Peter Copping unveils his debut collection for Lanvin

TO TAKE over a legacy House is no easy task. So when asked to bring the oldest running French courtier to the forefront of today, Peter Copping had a feat.

Naturally he felt like the first place to look was to its founder, Jeanne Lanvin and for his debut autumn-winter 2025 collection he paid homage to her and the her intimate sense of style.

Unlike her contemporaries, what was so special about her was her all-encompassing vision. Her career began by making clothes for her daughter which ignited mothers to flock and ask for similar versions for themselves, and within a decade she began designing menswear, lingerie and even home décor – the essence of Lanvin was never constricted to the runway, but was felt throughout every walk of life.
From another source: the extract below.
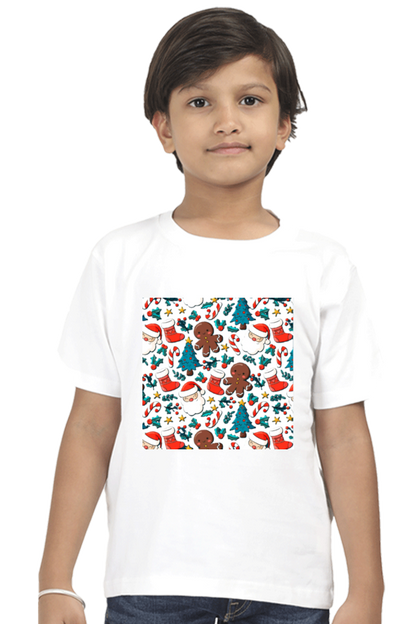 Short sleeve t-shirt - Christmas - Boys - 0 to 13 years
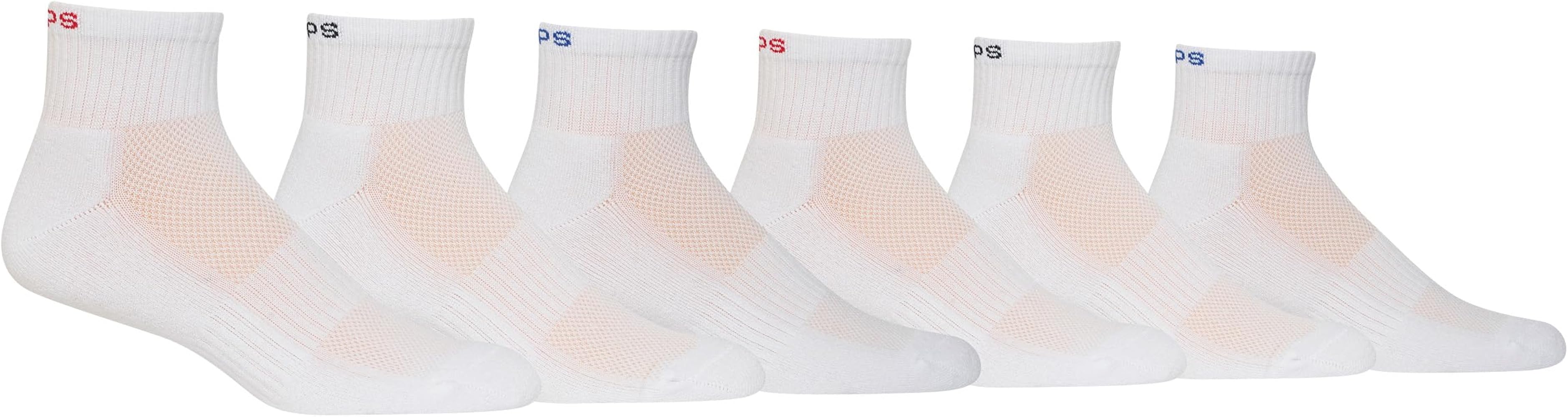 Chaps Sport Cushioned Repreve Athletic Socks-6 Pair Pack-Breathable Front Mesh and Arch Support, Men's Shoe Size: 6-12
Within this wealth of design, Copping was drawn to the signature blue first seen in the 1920s. With the shade symbolising nature and its many parts, from ocean to sky, the British Artistic Director wanted to renew the motif and see it evolve and be a marker of representation of the passage of time.
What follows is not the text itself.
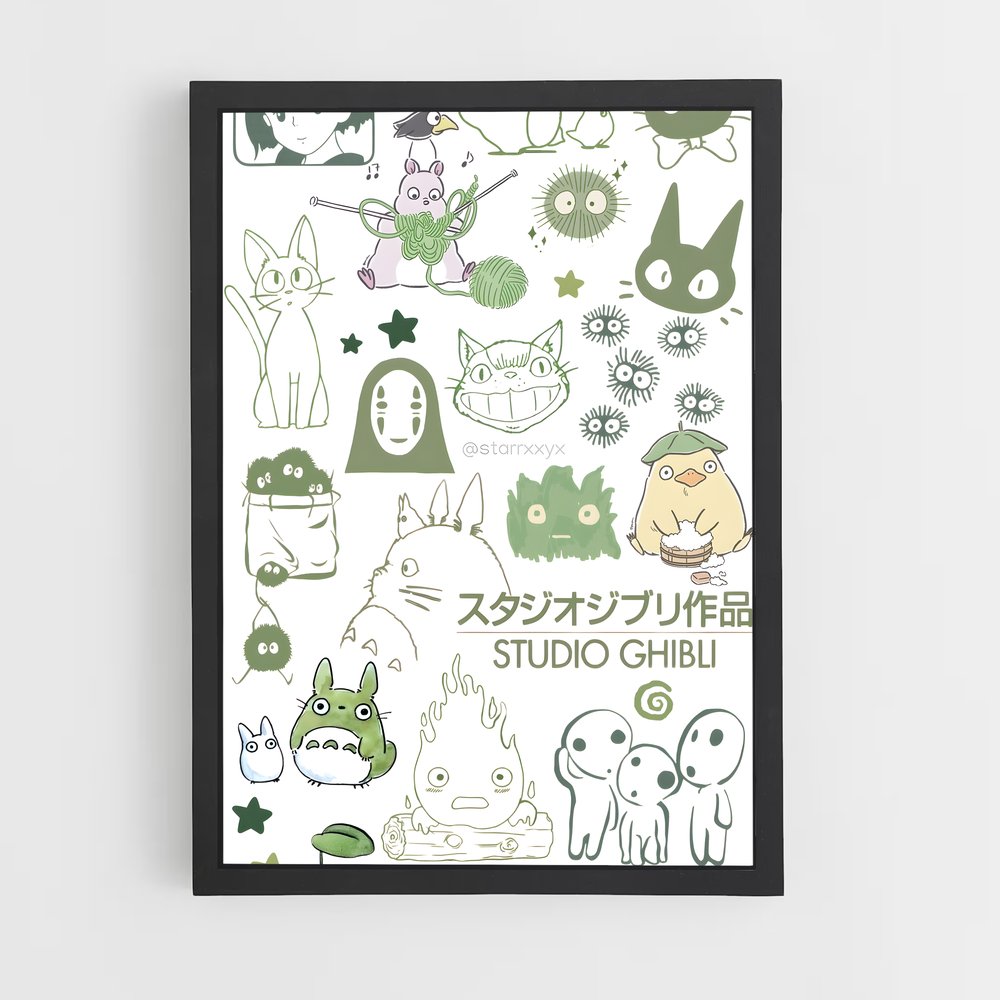 Poster Parade Ghibli – affiche Maserati (vue 2)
This wasn’t the only inherent part of the brand he wanted to push into today, he was keen to note that the Maison isn’t “a house, but also a home”, seeking to bring the nuances from Jeanne’s life to the future and honouring her description of elegance: le chic ultime.

So where did this leave the collection? It was bursting with references from Jeanne’s vision during the 1920s and 30s and oozing with nods to the Art Deco era. Rich pairings of black and gold in the women’s eveningwear, symmetrical embroidery mixed with frilly lace, dropped waists and floor sweeping lengths; and of course, more obvious signs like prints inspired by Tamara de Lempicka paintings. Favoured capes made a flattering return and kitten heels brought mobility.
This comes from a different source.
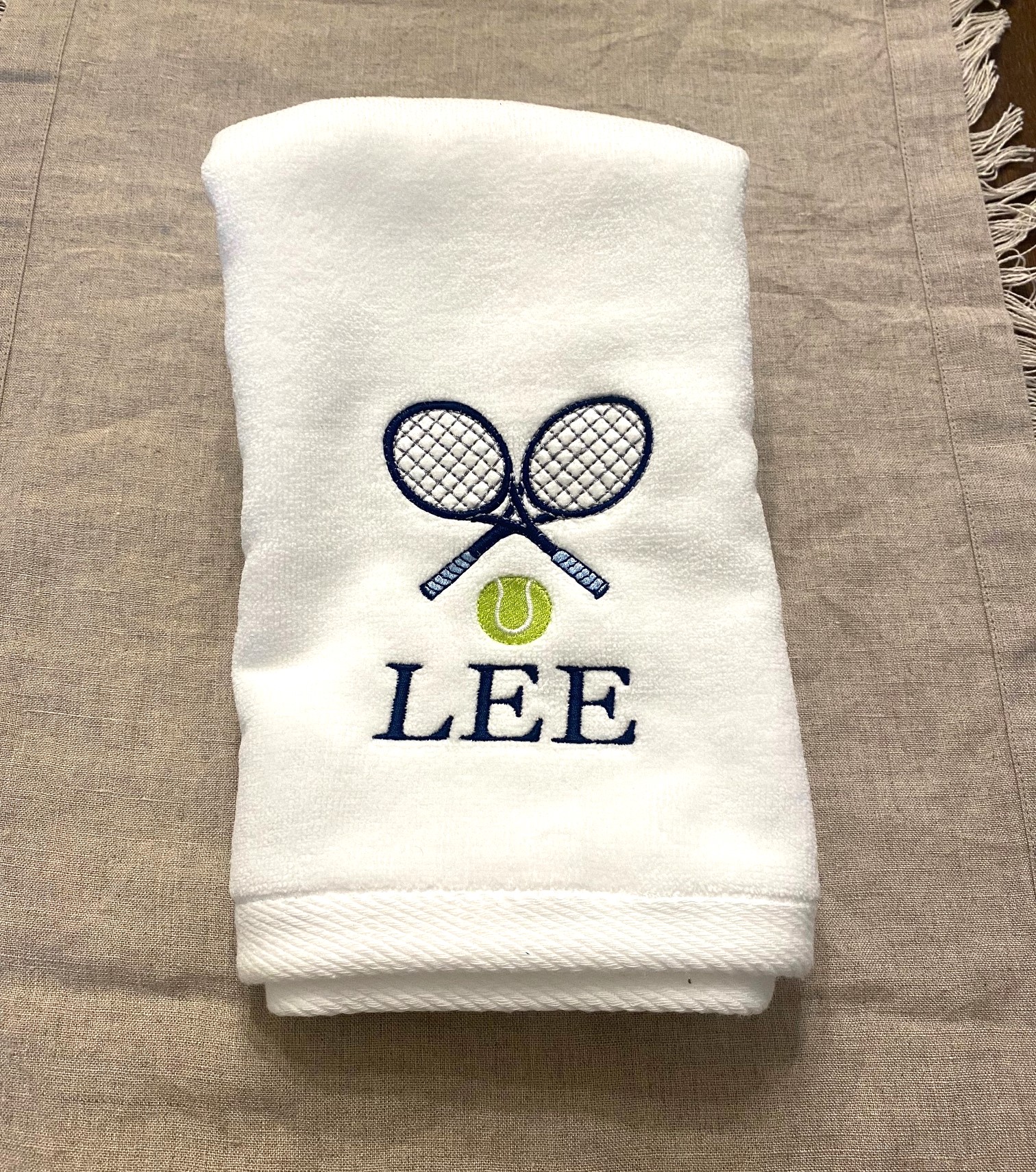 tennis sport towel - paddle design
Menswear was a first for Copping whose legacy has seen him earn his stripes making gowns for the likes of Oscar de la Renta and Nina Ricci. Although this side of the collection lacked the full-throttle history lesson of the past, it was a well-executed line up of pieces men like to wear – like intarsia jumpers, dinner jackets and leather outerwear.  

As far as debuts go, this was a spectacular reminder of Lanvin’s history whilst allowing the audience to erupt with excitement about the future of Copping’s tenure here.